Eso sí que era nuevo. Nunca me había invitado a su casa. No tenía ni idea de dónde estaba. Me quedé pasmada, y algo emocionada.
– Te lo agradezco mucho -dije-, pero sería un lío ir de Shreveport al trabajo todos los días.
– Estarías mucho más segura hasta que se resolviera todo este problema con las hadas. -Eric giró la cabeza para mirarme con una máscara de inexpresividad.
– No, gracias -insistí-. Te agradezco la oferta, pero probablemente fuera un inconveniente para ti, y estoy segura de que también lo sería para mí.
– Pam es la única otra persona a la que he invitado a mi casa.
– Sólo se admiten rubias, ¿eh? -dije alegremente.
– Te honro con la invitación. -Su rostro seguía sin transmitir una sola pista. Si no estuviese tan acostumbrada a leer la mente de la gente, quizá habría interpretado mejor su lenguaje corporal. Estaba demasiado acostumbrada a saber lo que la gente quería de verdad, independientemente de las palabras que emplearan para expresarlo.
– Eric, estoy perdida -dije-. ¿Qué te parece si ponemos las cartas sobre la mesa? Sé que esperas de mí cierta reacción, pero no sé cuál.
Parecía confundido. Sí, eso es lo que parecía.
– ¿Qué pretendes? -me preguntó, meneando la cabeza. Su precioso pelo rubio cayó sobre su rostro en mechones enredados. Estaba hecho un desastre desde que hicimos el amor. Estaba más guapo que nunca. Qué injusticia.
– ¿Cómo que qué pretendo? -Volvió a echarse, y yo me giré para mirarlo-. No creo pretender nada -dije con cuidado-. Pretendía un orgasmo, y he obtenido muchos. -Le sonreí, esperando que fuese la respuesta correcta.
– ¿No quieres dejar tu trabajo?
– ¿Por qué iba a dejarlo? ¿Cómo iba a ganarme la vida? -pregunté, sorprendida.

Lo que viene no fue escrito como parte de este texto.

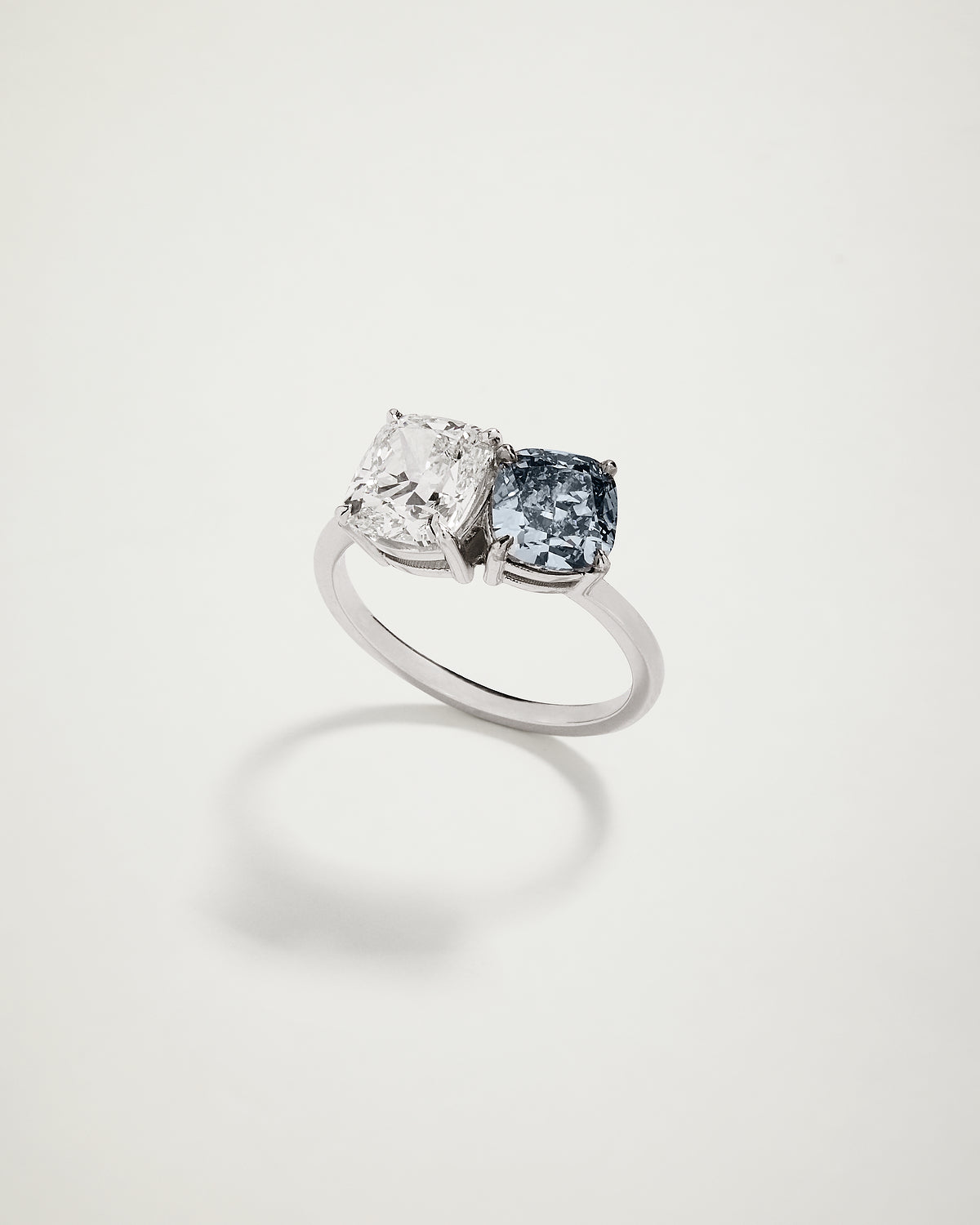 Toi Et Moi, Cushion Diamond Engagement Ring, WG
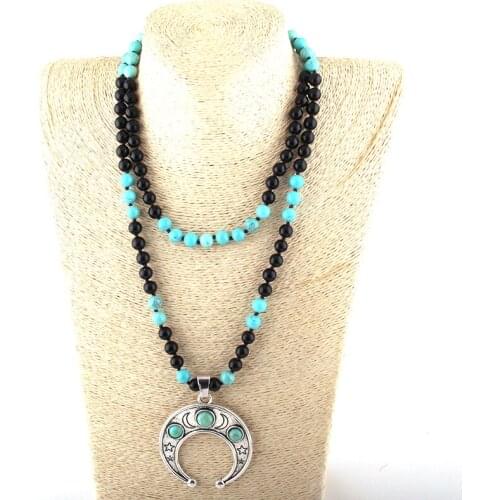 MOODPC Fashion Jewelry 108 Beads Multi Stone Knotted Metal Moon Star Pendant Necklaces For Women Necklace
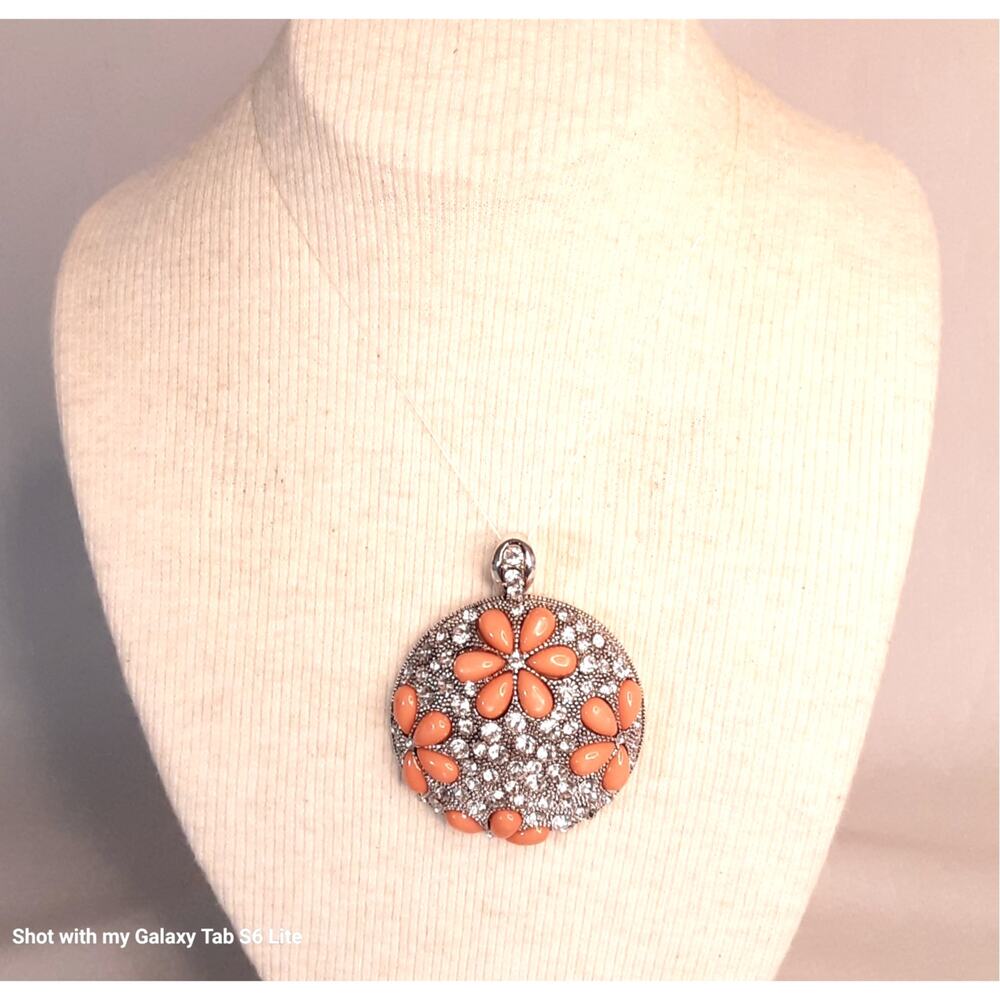 💎Traci Lynn Floral SilverTone Pendant Teardrop Peach Stone Clear Rhinestone Pave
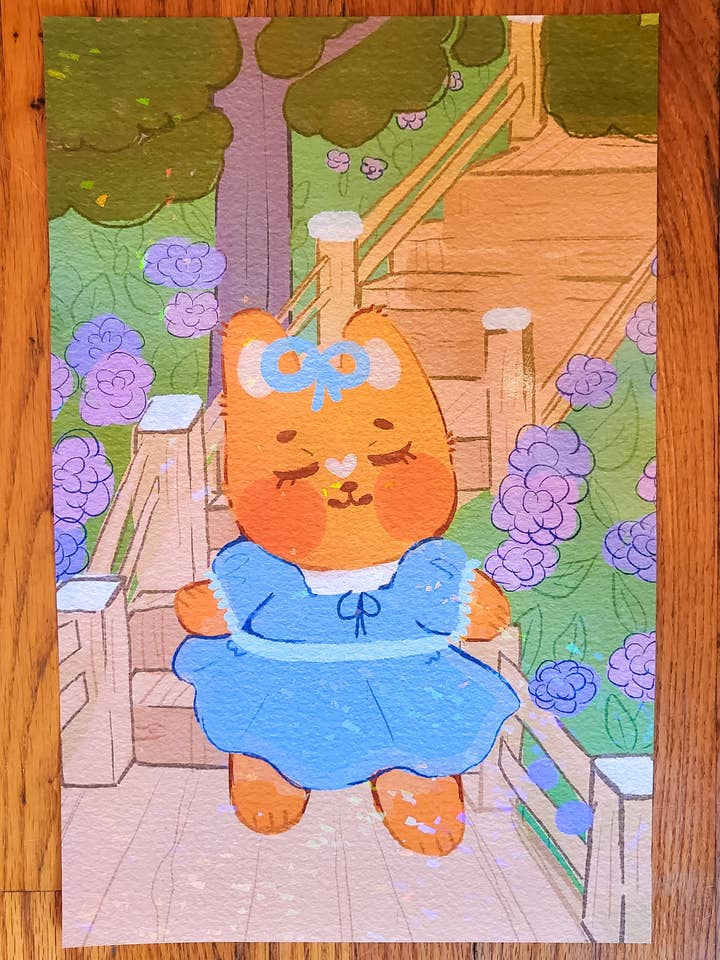 Tangerabbit in the Hydrangea Large Holographic Print for wholesale by StrawbunnyCake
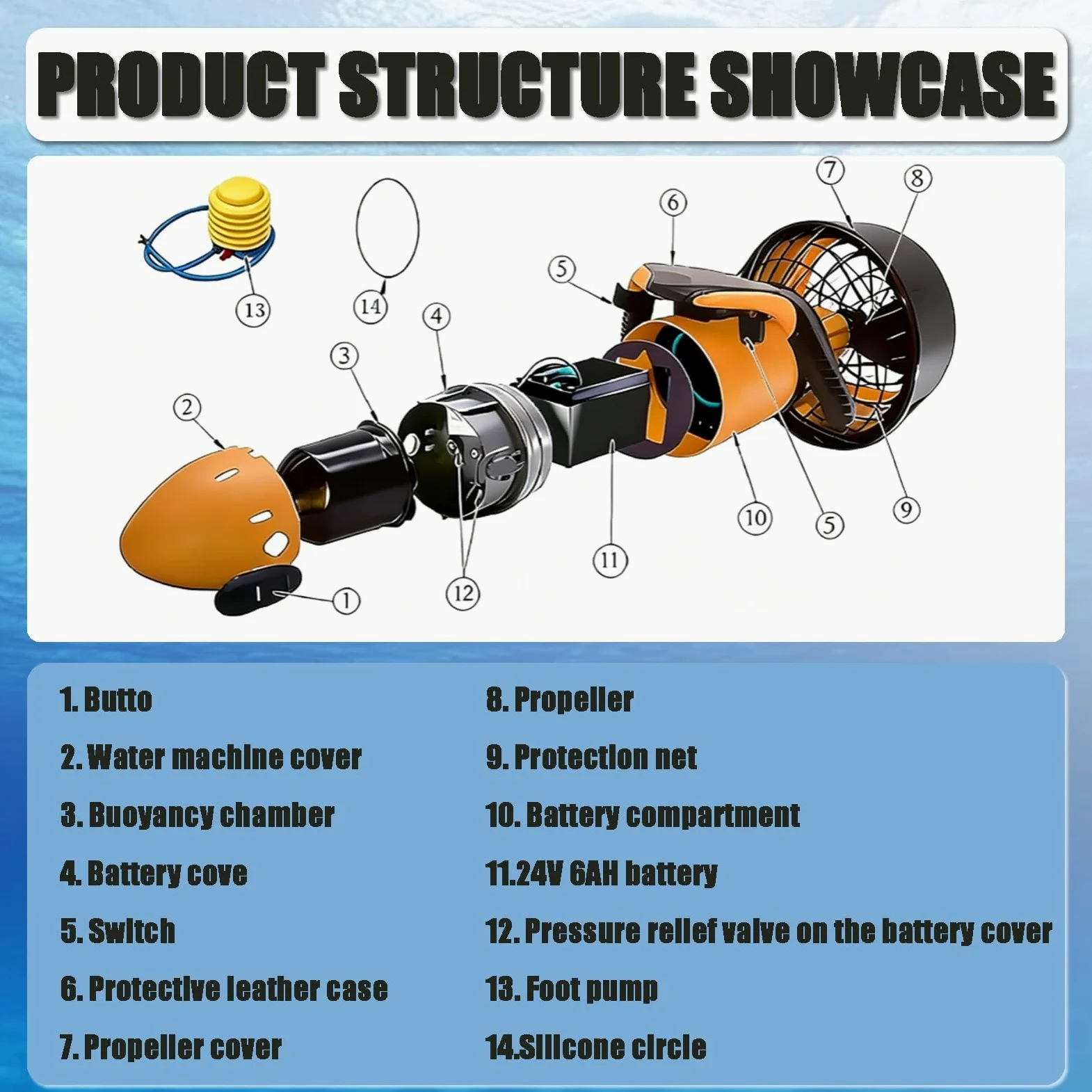 Propulsor eléctrico subacuático,Vehículo Submarino de propulsión | Buceo Sea Scooter, Seascooter Submarino de 300 W/500 W, Batería de Litio Duradera más Reciente de 2026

Entonces lo pillé-. ¿Crees que porque hemos hecho el amor y dices que soy tuya, iba a querer dejar de trabajar y a cuidarte la casa? ¿Pasarme el día comiendo dulces para que tú te pases la noche comiéndome a mí?
Pues sí, a eso se refería. Su expresión lo confirmó. No sabía cómo sentirme. ¿Dolida? ¿Enfadada? No, ya había tenido suficiente de eso por un día. Era incapaz de enviar otra emoción más a la superficie después de la larga noche que llevaba.